• **DIRECTIONS FOR THIS TASK**
What should you transcribe? Every line from the top of the records below through the line with "Professional slab leak", exactly, and no pictures.

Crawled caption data
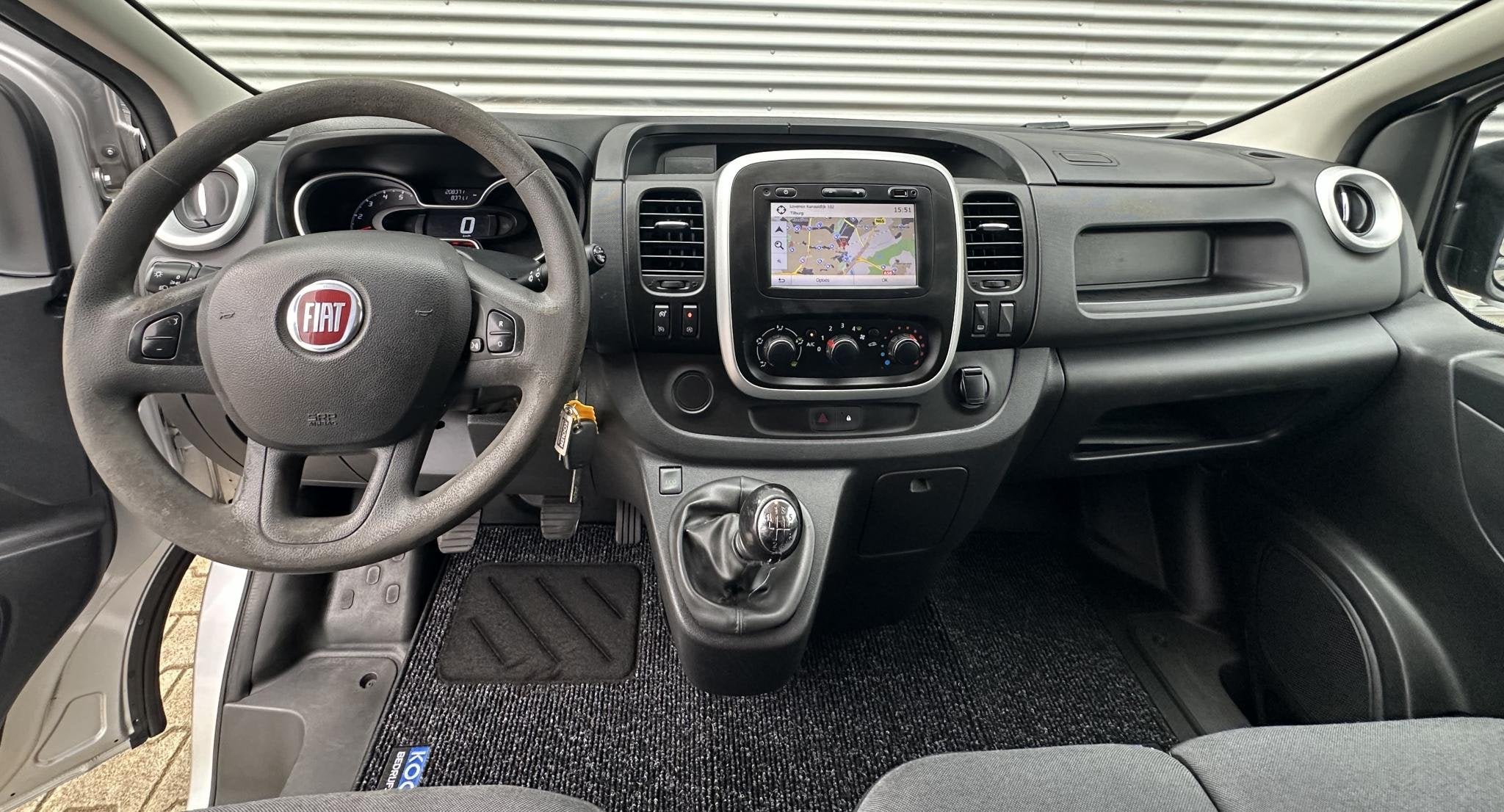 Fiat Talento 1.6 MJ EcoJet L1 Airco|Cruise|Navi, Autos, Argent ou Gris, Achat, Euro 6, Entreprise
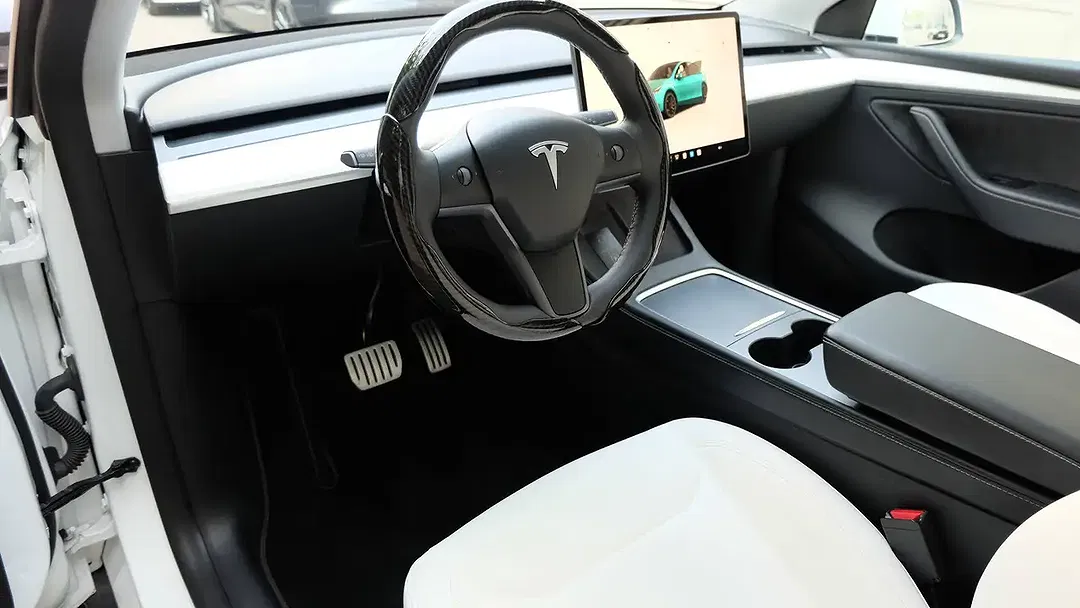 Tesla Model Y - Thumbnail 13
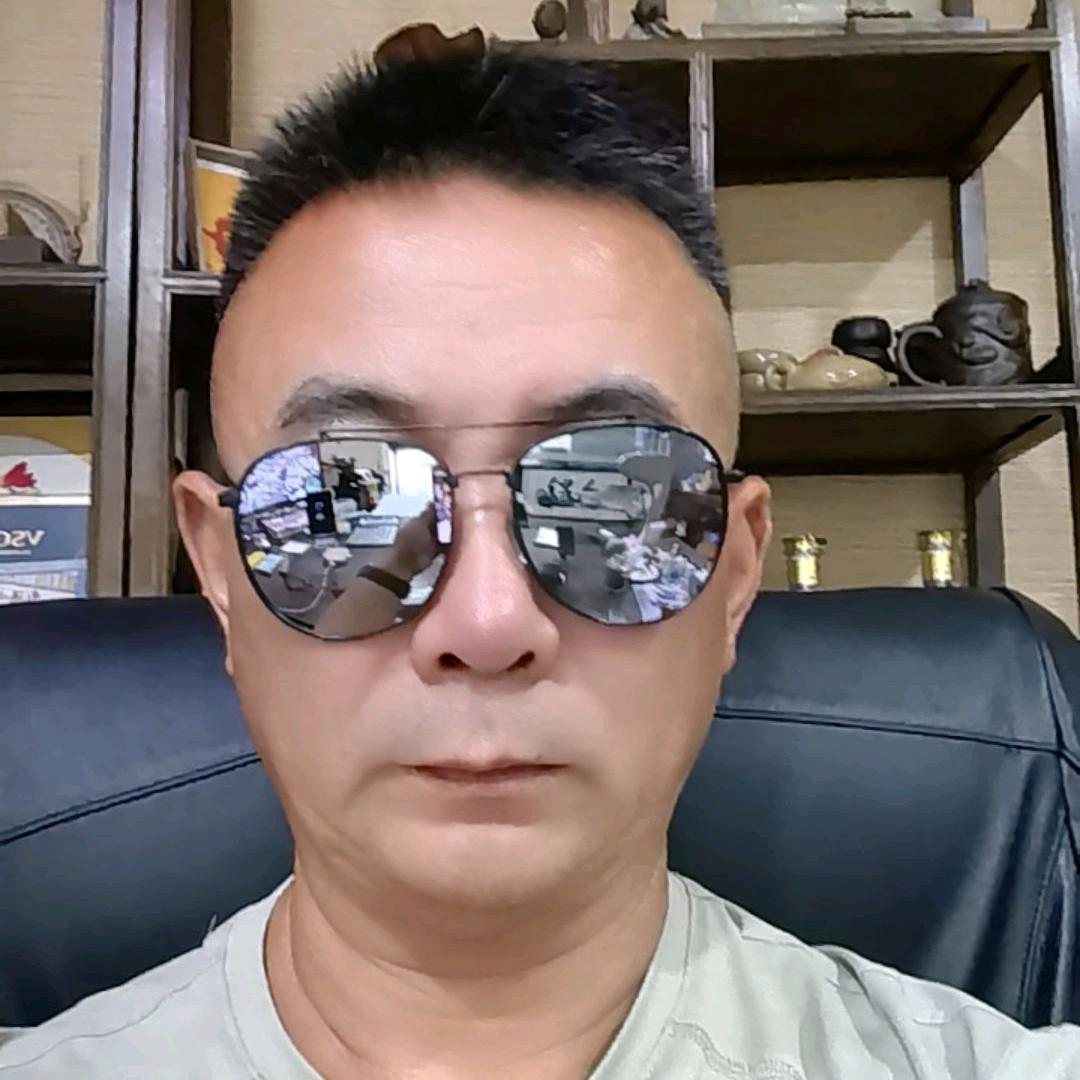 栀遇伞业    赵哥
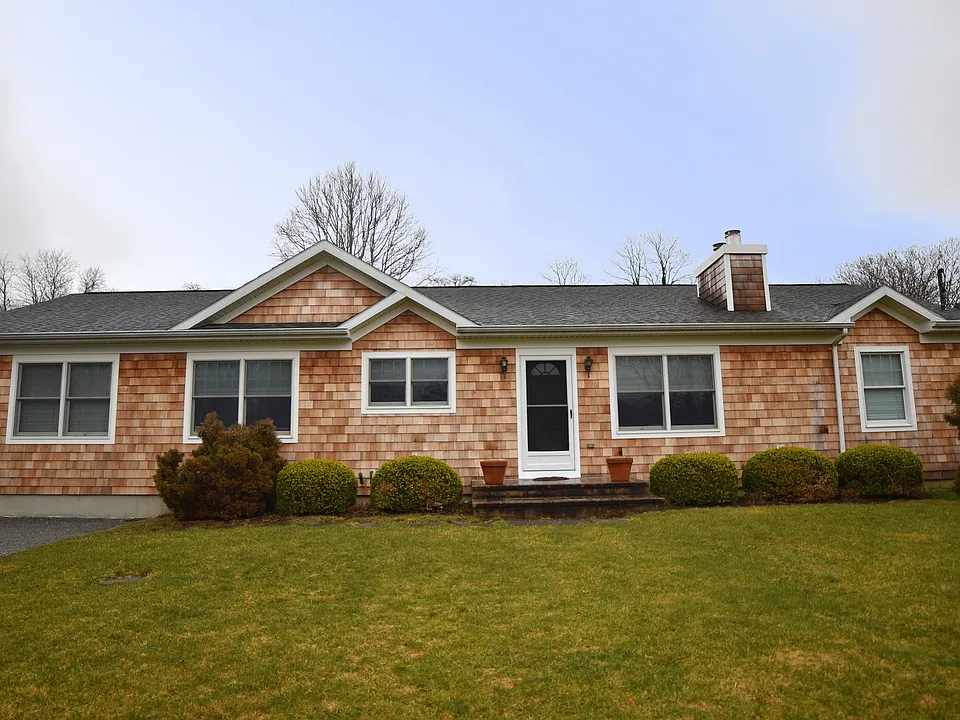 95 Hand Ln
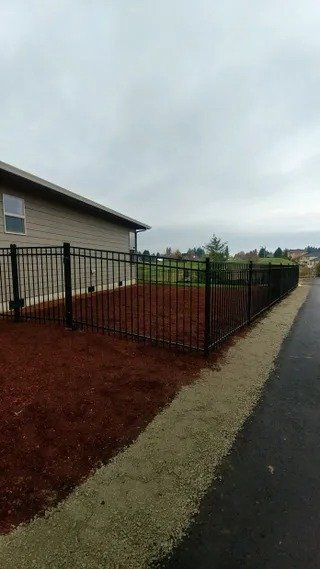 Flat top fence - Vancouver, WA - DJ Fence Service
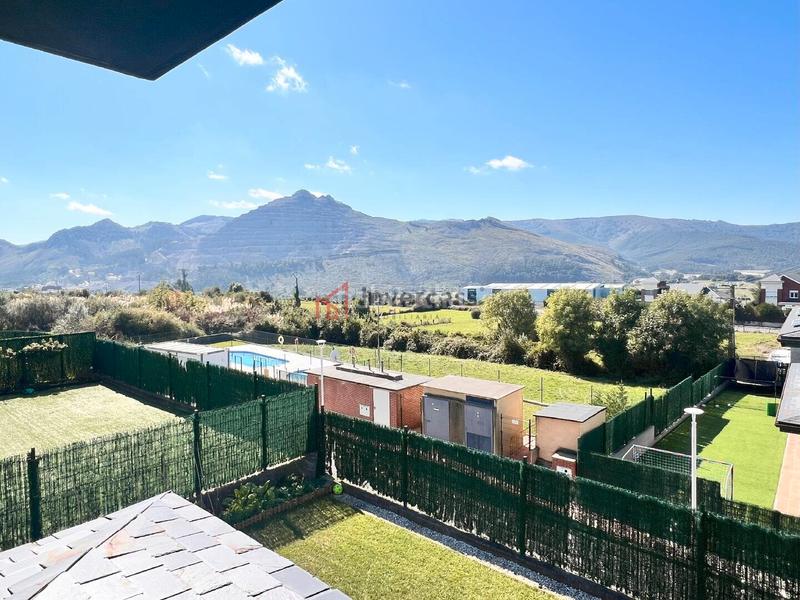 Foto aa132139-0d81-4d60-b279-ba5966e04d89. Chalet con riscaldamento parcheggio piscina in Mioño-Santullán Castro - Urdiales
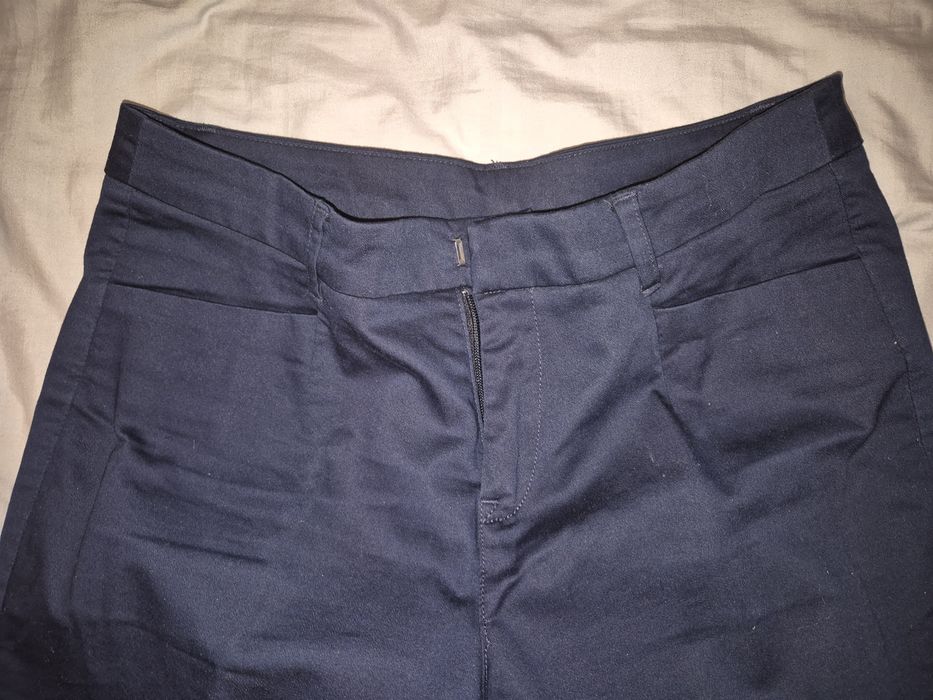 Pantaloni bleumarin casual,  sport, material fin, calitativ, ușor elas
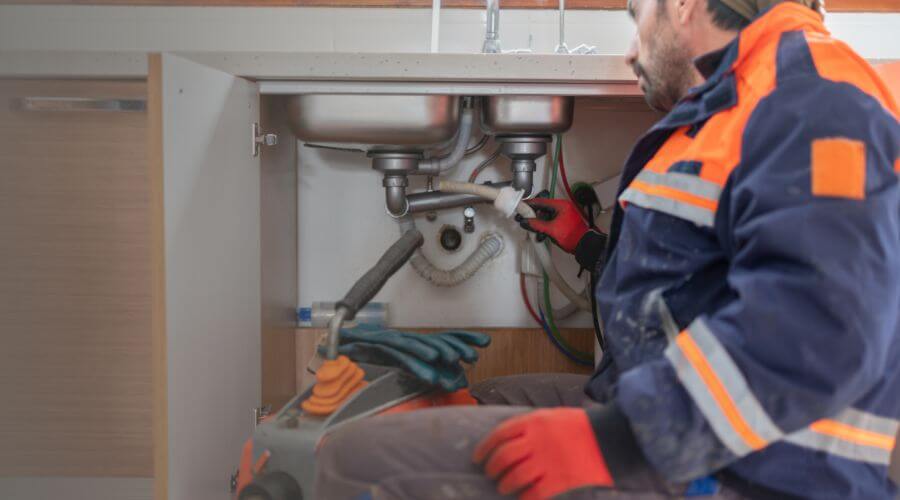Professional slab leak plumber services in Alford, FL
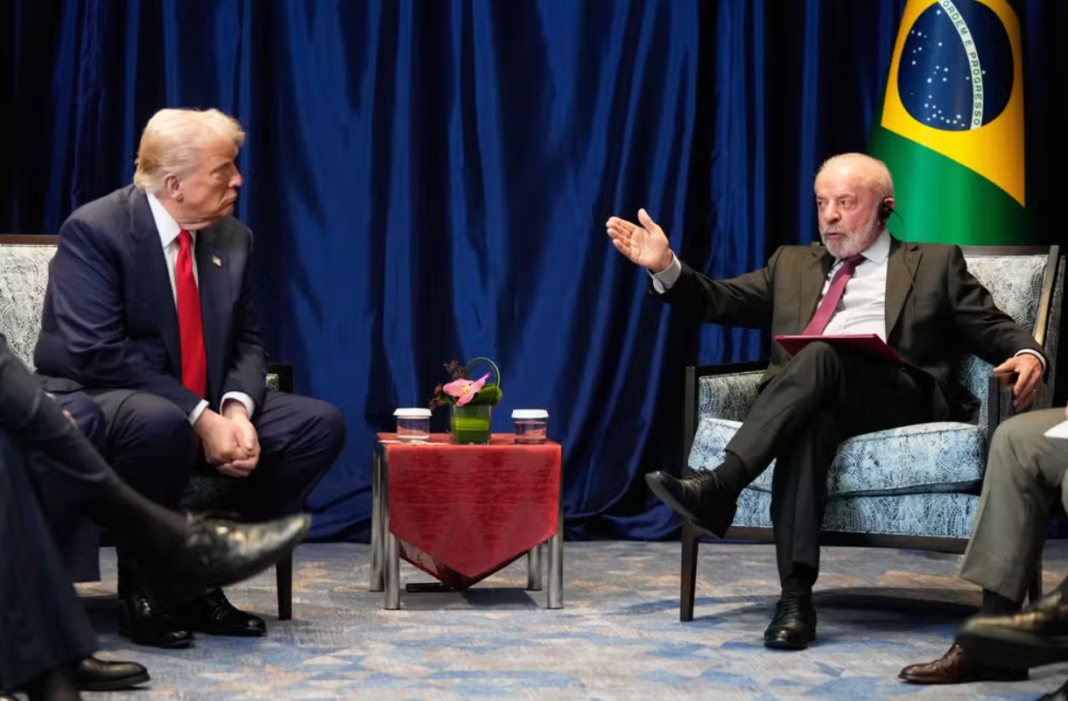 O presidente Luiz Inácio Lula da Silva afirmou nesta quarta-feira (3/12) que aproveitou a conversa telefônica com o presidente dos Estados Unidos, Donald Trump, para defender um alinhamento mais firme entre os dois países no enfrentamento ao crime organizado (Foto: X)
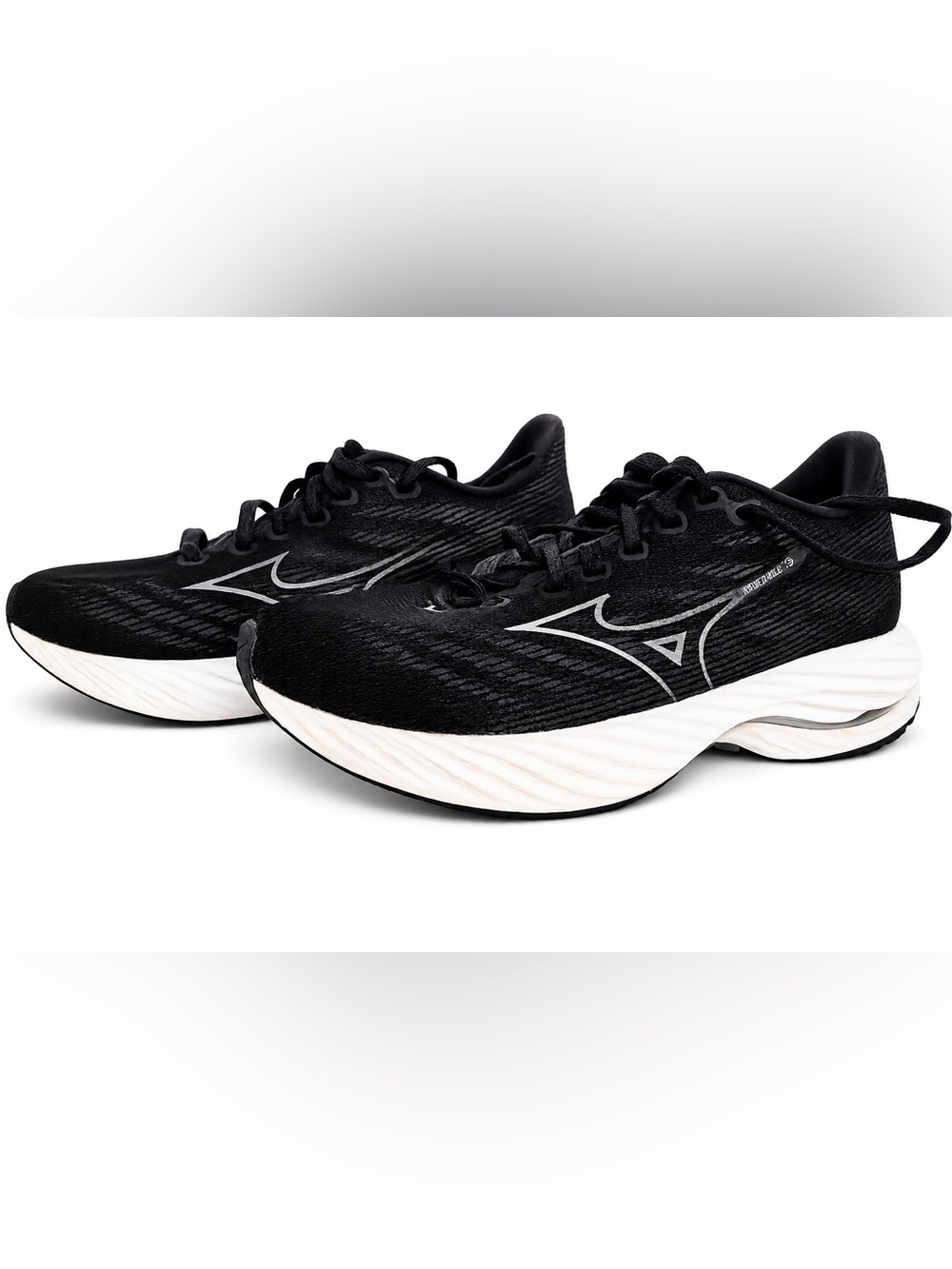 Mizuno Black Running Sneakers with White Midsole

• **TASK ANSWER**
 Fiat Talento 1.6 MJ EcoJet L1 Airco|Cruise|Navi, Autos, Argent ou Gris, Achat, Euro 6, Entreprise
 Tesla Model Y - Thumbnail 13
 栀遇伞业    赵哥
 95 Hand Ln
 Flat top fence - Vancouver, WA - DJ Fence Service
 Foto aa132139-0d81-4d60-b279-ba5966e04d89. Chalet con riscaldamento parcheggio piscina in Mioño-Santullán Castro - Urdiales
 Pantaloni bleumarin casual,  sport, material fin, calitativ, ușor elas
Professional slab leak plumber services in Alford, FL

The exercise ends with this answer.